Dilemma. Back in February, I asked any of you who are planting Lemon Queen sunflowers to take pictures of your bee visitors so I could display them in a photo gallery. Apparently, I didn’t think this through properly—my Lemon Queens are now approaching ten feet tall, while I (camera in hand) am still down here on planet Earth.
I can see why the bees love Lemon Queens: privacy. The paparazzi are held at bay by the towering stalks. The bees can look down, see us circling, and snicker. Worse, when the wind blows, instead of quivering for a few brief moments, these behemoths sway, carving enormous arcs through the firmament, making it really difficult (like impossible) to follow with a camera.
The one place where I might consider putting a ladder is on the north side of my garden, but of course sunflowers have this irritating habit of facing south. The south side is full of soft soil and mole holes, and I’m all too familiar with that sinking (literally) feeling when one leg of said ladder disappears into Wonderland.
I have some heavy-duty lenses but they are of the macro variety, not telephoto. Usually, I have to stick the lens right in the bee’s eyelashes to get any decent shots, so these photo sessions are not going well. I’ve tried shooting the Lemon Queens from the ground and all I get are big sunbursty-looking flowers with itsy-bitsy bees blending darkly against the brown center. I’ve seen a lot of bad “bee on sunflower” shots and now I know why.
So now what? For starters, I’m not going to assume that because my shots are bad, yours are too. With different cameras, firmer soil, and a better attitude, you might get great portraits, images the bees will want to print on canvas and post on Facebook.
So send what you have, and if I get enough I’ll make a page for them all. But here’s one thing I’m changing: it can be any type of sunflower, not just Lemon Queens. Tell me the variety if you know it, and I will include it with the photo. You can e-mail the photos to me or send a DropBox link. Be sure to say where you are and who took the photo—or, if you want to be cagey, just tell what to write in the caption. Thanks.

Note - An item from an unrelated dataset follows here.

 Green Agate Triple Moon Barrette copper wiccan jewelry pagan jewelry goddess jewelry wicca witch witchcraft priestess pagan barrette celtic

Mine are only 3 feet tall so far, and I believe two of them are starting to develop flower buds. Maybe it’s our heavy clay soil and the week of ground-saturating rain we had early on. (For reference, I’m in western NY state.) I planted a few other varieties as well. One is called Teddy Bear, and it’s a dwarf that grows only 3-4 feet tall. If the bees like it, that’s a better height for photos.
Next year I’m going to try a variety of varieties. I’ll put Teddy Bear on my list. Thanks.

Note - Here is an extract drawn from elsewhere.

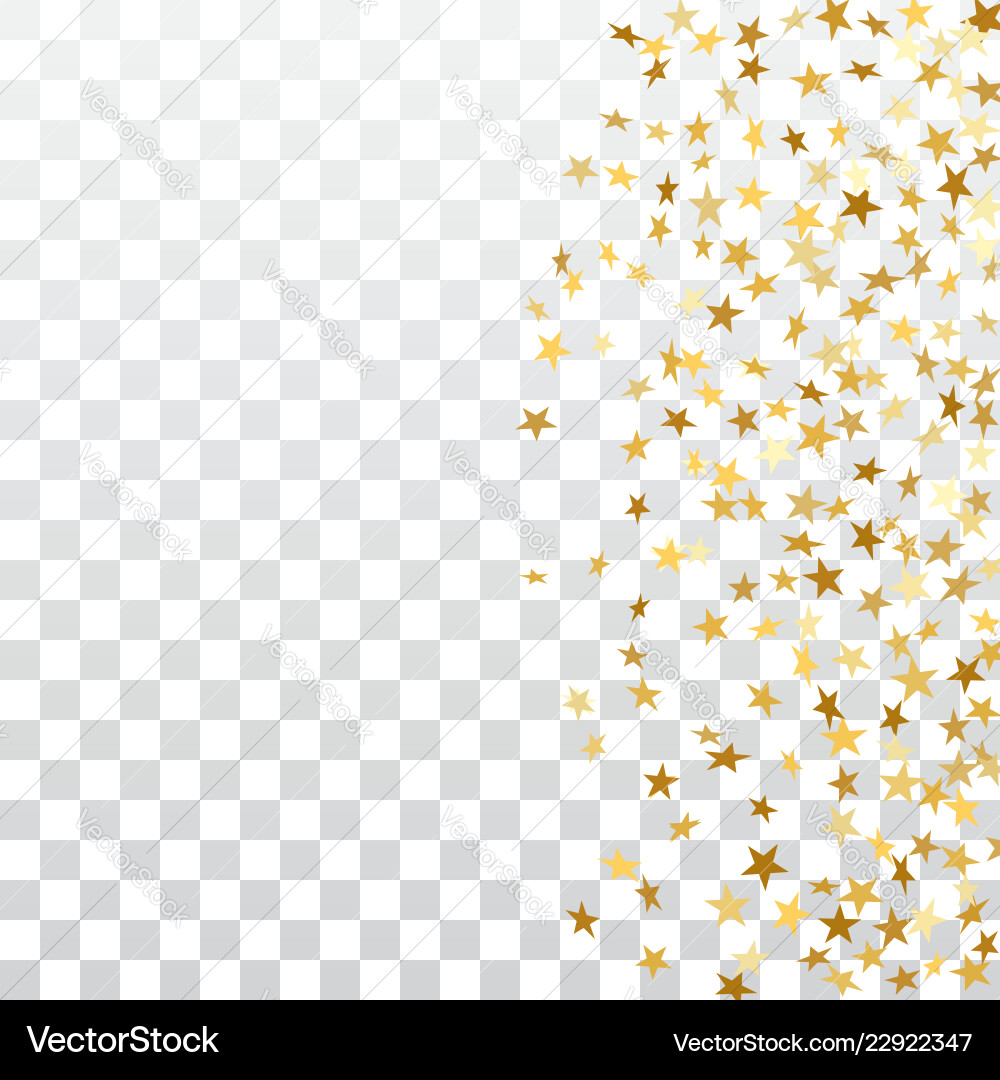 Gold stars falling confetti frame isolated Gold stars falling confetti frame isolated vector image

FYI, the Teddy Bears are not particularly attractive to bees. The center flowerlets have tiny petals, which make the flowers look “plush”, but I’m sure also makes it hard for bees to get to the good stuff. Mine seem to attract a lot of tiny beetles though. But honey, sunflower, and bumble bees all like the Taiyo and Valentine varieties, which are only a foot or so taller (in my garden, YMMV).
It may be cheating . . . but a person could cut a few sunflowers and place them in controlled photo opp location.
That would certainly bring them down to my level, but I wonder how long a cut flower produces nectar. Not long, I imagine.
It may not be the most graceful tactic, but a “selfie” stick and your phone may give you the extra reach you need.
What a creative idea! Maybe I can give the whole thing to the bee and let her take it herself.
My lemon queens are about 9′ tall. I tried to shoot a bee on a shorter plant/lower flower yesterday and missed as she flew off as the pic snapped. I will see what I can capture tomorrow!
Unfortunately for us, our Lemon Queen sunflowers, as well as most of the other varieties we planted never got more than an inch or two above ground before our chipmunks collected them for their salad bowls.
Well, at least you have happy chipmunks. Some might grow to be ten feet long.
Maybe try digging around the base and leaning the whole plant till the flowers are within reach ? You may need sticks to prop the stalk so it does’t continue leaning more and more.